What to produce :: No pictures belong in the copy. Retype exactly, and only, the stretch of lines below from the one with "Maglia SHOT Rogue Stok Rossa" through the one with "Image of Kubota B3350 equipment image 1".

Given records ::

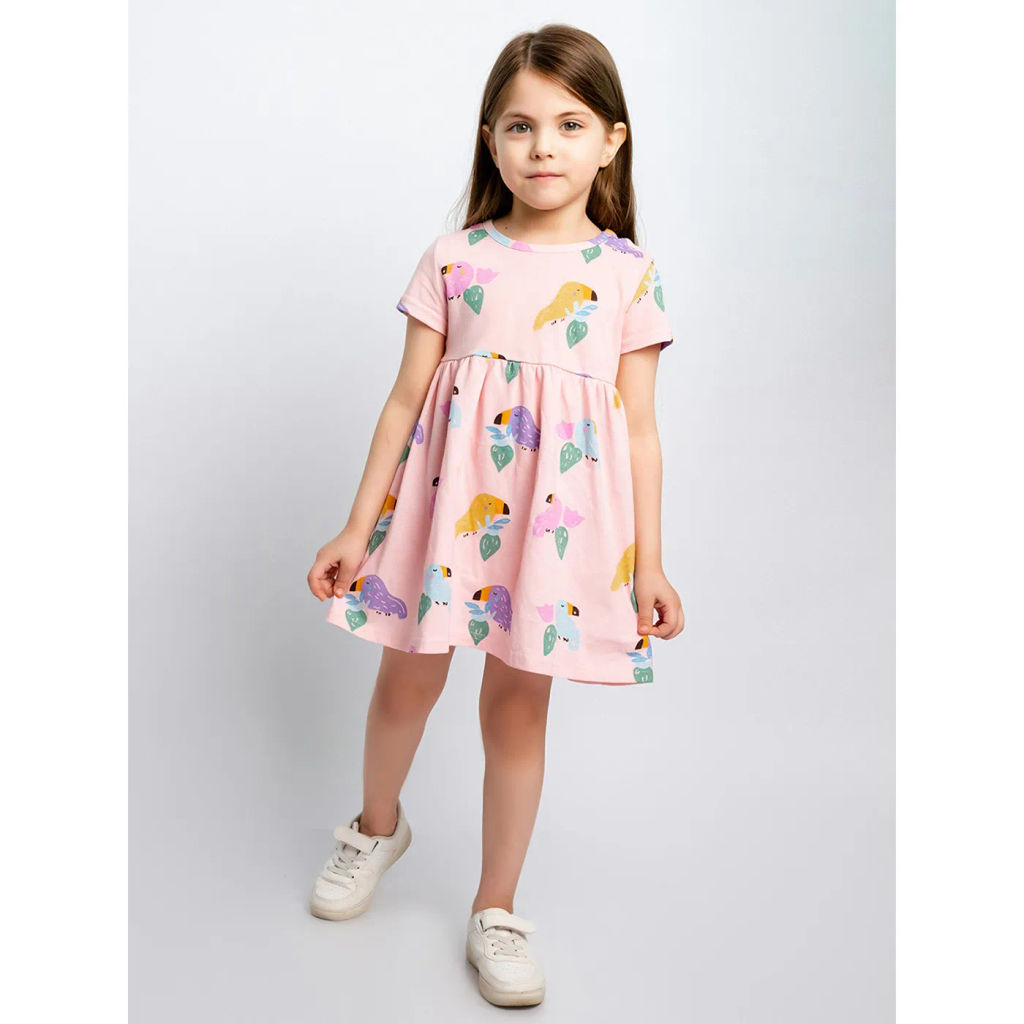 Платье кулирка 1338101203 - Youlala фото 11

...

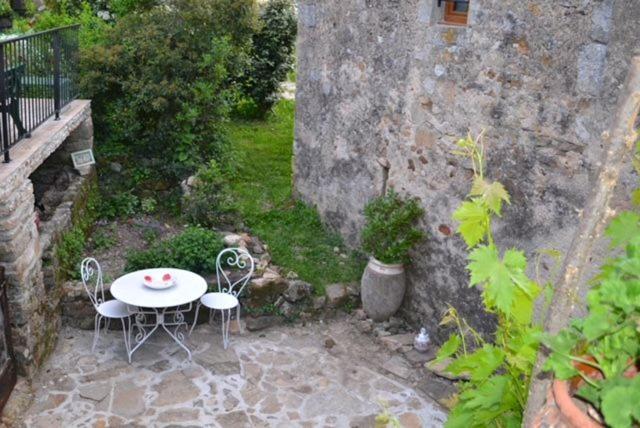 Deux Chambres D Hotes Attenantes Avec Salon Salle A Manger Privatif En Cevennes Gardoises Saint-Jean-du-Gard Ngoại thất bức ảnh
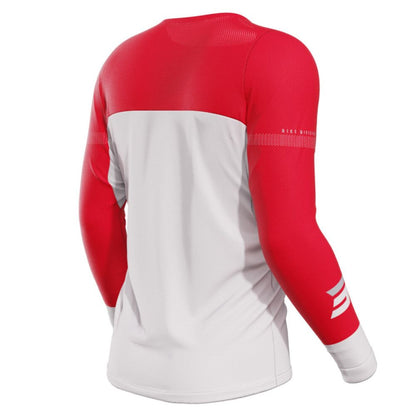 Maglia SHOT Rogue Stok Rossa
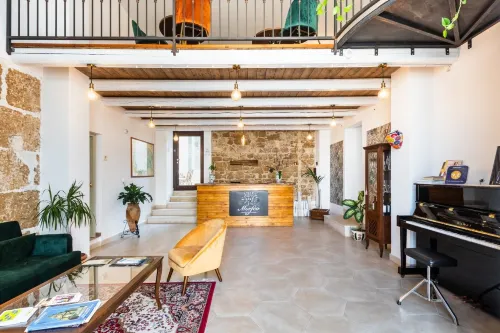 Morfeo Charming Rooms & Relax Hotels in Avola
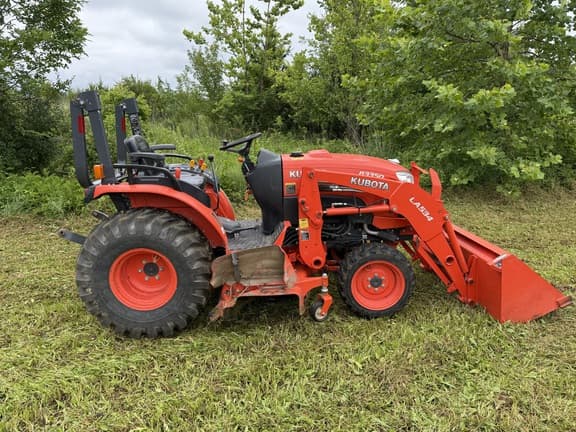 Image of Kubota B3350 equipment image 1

---

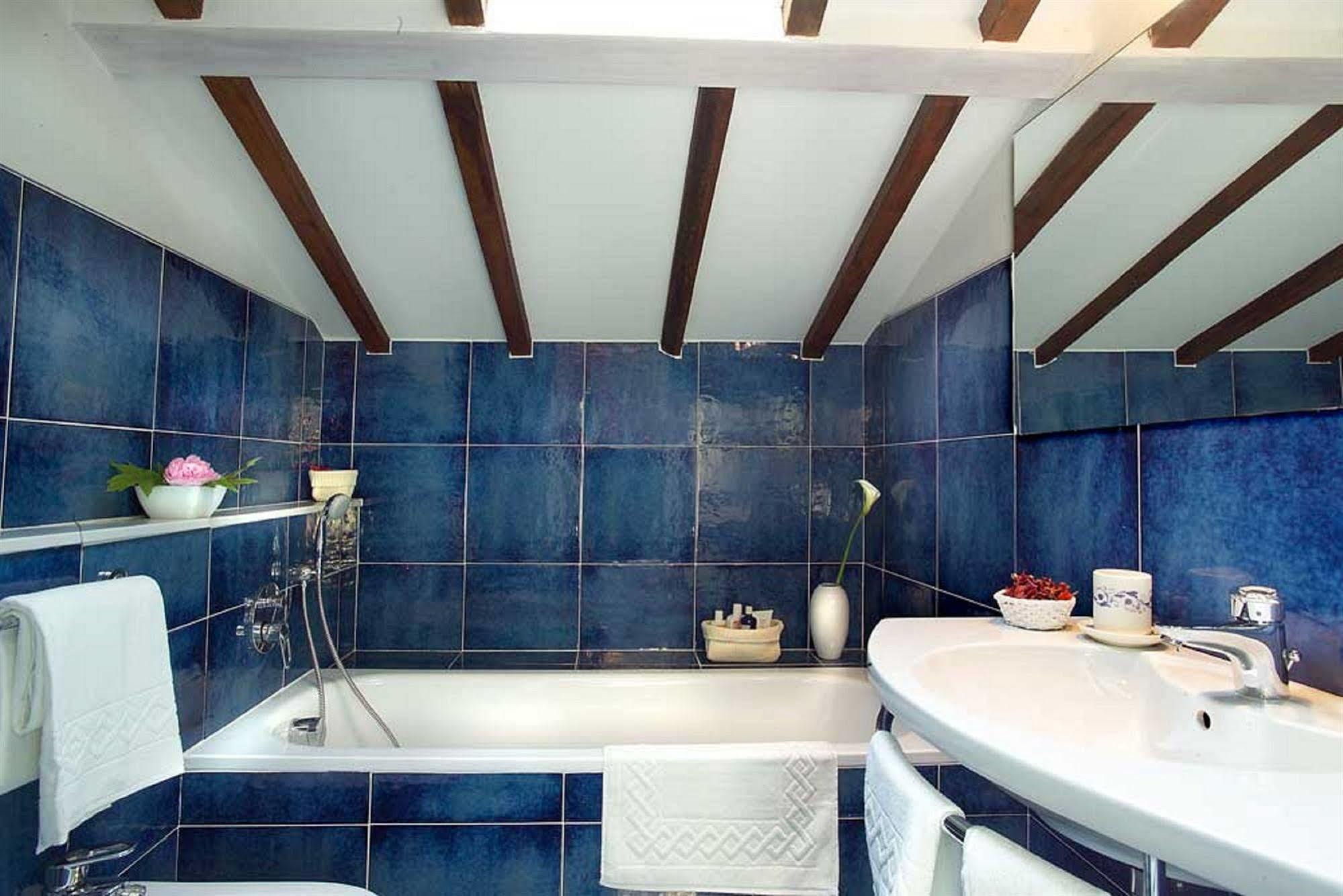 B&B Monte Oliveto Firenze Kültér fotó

Completed exercise ::
 Maglia SHOT Rogue Stok Rossa
 Morfeo Charming Rooms & Relax Hotels in Avola
 Image of Kubota B3350 equipment image 1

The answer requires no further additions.